178

De vreugde is een christelijk goed en alleen als God wordt beledigd lijkt deze te verdwijnen, want de zonde is de vrucht van het egoïsme en het egoïsme is de oorzaak van droefheid. Maar ook dan blijft de vreugde op de bodem van de ziel bestaan, want we weten dat God en zijn Moeder de mensen nooit zullen vergeten. God komt ons tegemoet en vergeeft ons zodra we tot inkeer komen, zodra er uit ons hart een gebed van berouw komt, en wij ons zuiveren in het sacrament van de Biecht.
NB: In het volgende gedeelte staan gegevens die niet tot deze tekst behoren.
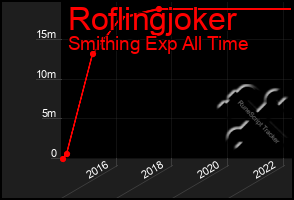 Total Graph of Roflingjoker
Dan is er geen droefheid meer, want er moet feest en vrolijkheid zijn, want die broer van jou was dood en is levend geworden, hij was verloren en is teruggevonden (Lc 15, 32).

Deze woorden zijn het schitterende slot van de parabel van de verloren zoon waarover we graag nadenken: Zie, de Vader komt je tegemoet. Hij zal zijn hoofd op je schouder leggen. Hij zal je een kus geven als garantie van zijn liefde en tederheid. Hij zal ervoor zorgen dat je nieuwe kleren krijgt en een ring en schoeisel. Je bent nog bang voor een terechtwijzing, maar Hij geeft je je waardigheid terug. Je bent bang voor straf en Hij geeft je een kus. Je vreest een woord van verwijt en Hij bereidt je een feestmaal [H. Ambrosius, Expositio Evangelii secundum Lucam, 7 (PL 15, 1540)].
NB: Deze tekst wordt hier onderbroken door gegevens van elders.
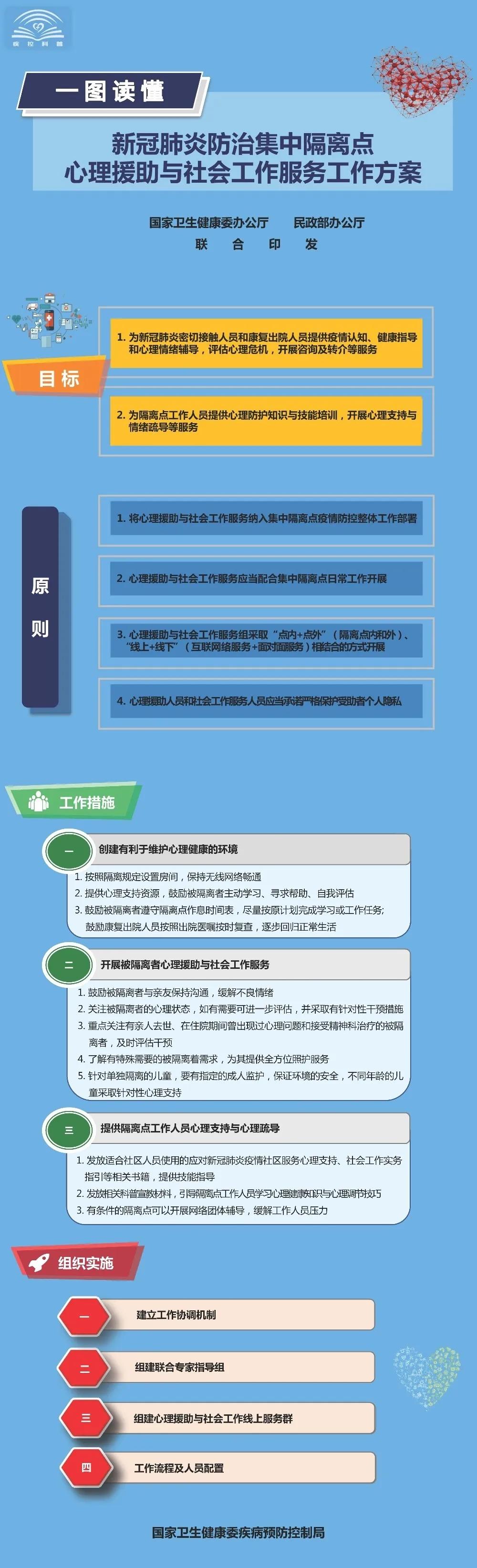 广东广州广东省肺炎疫情，挑战与应对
De liefde van God is onpeilbaar. Als Hij iemand die Hem heeft beledigd zo behandelt, wat zal Hij dan niet doen om zijn Moeder te eren, de onbevlekte Maagd, Virgo fidelis, de allerheiligste, trouwe Maagd?
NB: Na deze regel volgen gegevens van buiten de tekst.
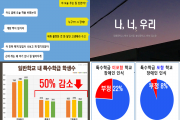배움, 장애인인권프레젠테이션대회 최우수작 (썸네일)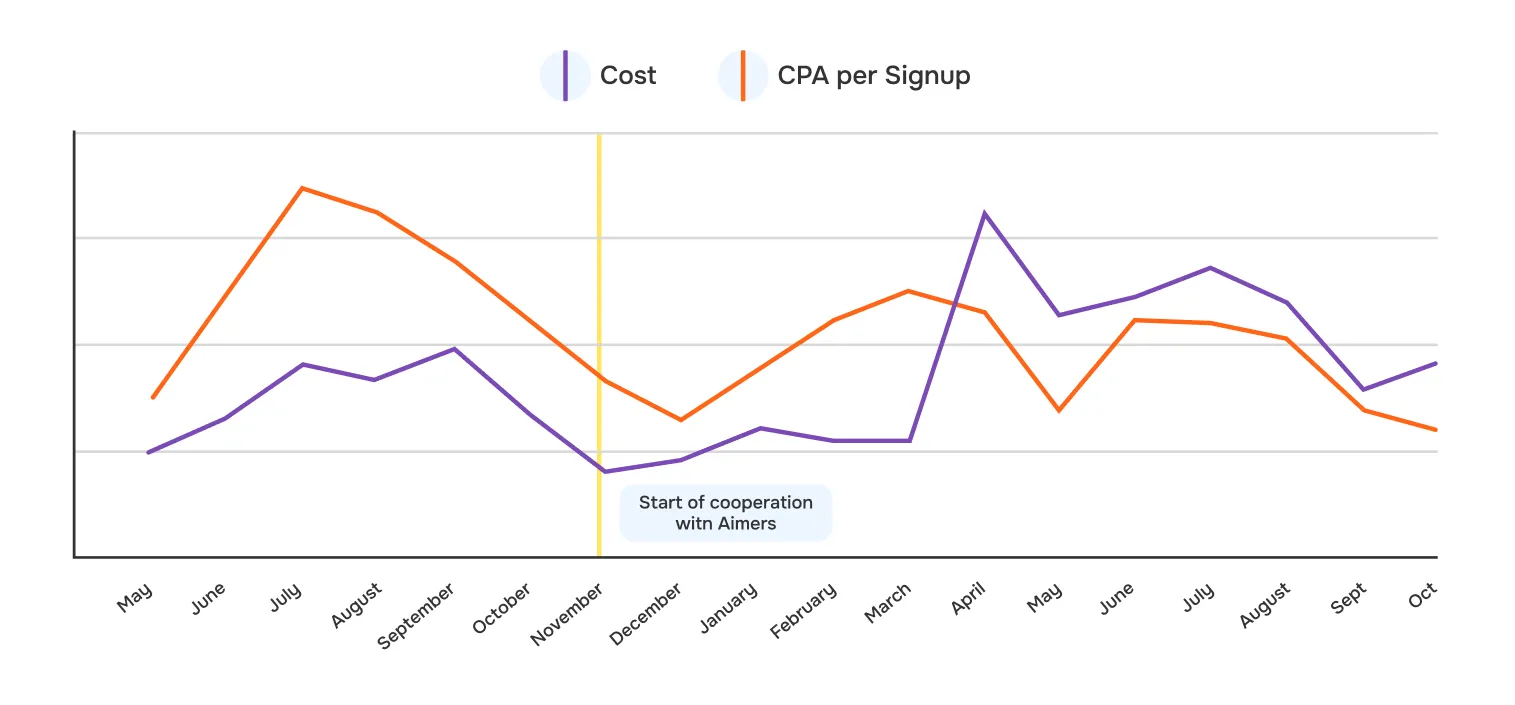 Drive lah PPC results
Als de liefde van God zo groot is, terwijl het bevattingsvermogen van het menselijk hart — dat vaak verraderlijk is — zo armzalig is, hoe zal de liefde dan zijn in het hart van Maria, die de wil van God nooit het minste in de weg heeft gelegd?

Kijk eens hoe de liturgie van dit feest het onvermogen weerspiegelt om de oneindige barmhartigheid van de Heer met menselijke redeneringen te begrijpen; ze bezingt haar meer dan dat ze haar uitlegt; ze prikkelt onze verbeelding opdat iedereen haar met enthousiasme lof toezingt. Want niemand van ons is in staat in zijn stoutste dromen de werkelijkheid te benaderen: Er verscheen een groot teken aan de hemel: een Vrouw, bekleed met de zon, de maan onder haar voeten en op haar hoofd een kroon van twaalf sterren (Apk 12, 1). De koning verlangt naar uw schoonheid. Hoe schittert zij, de dochter van de koning, met goud doorweven is haar gewaad (Ps 44, 12-14).

De liturgie van deze dag zal eindigen met woorden van Maria waarin de grootste nederigheid samenvloeit met de hoogste glorie: En zie, van heden af prijst elk geslacht mij zalig, omdat aan mij zijn wonderwerken deed Die machtig is (Lc 1, 48-49).

Cor Mariae dulcissimum, iter para tutum. Allerzoetst hart van Maria, geef ons kracht en veiligheid op onze aardse weg. Wil zelf voor ons de weg zijn, want U kent de veilige wegen en paden die ons door uw liefde naar de liefde van Jezus brengen.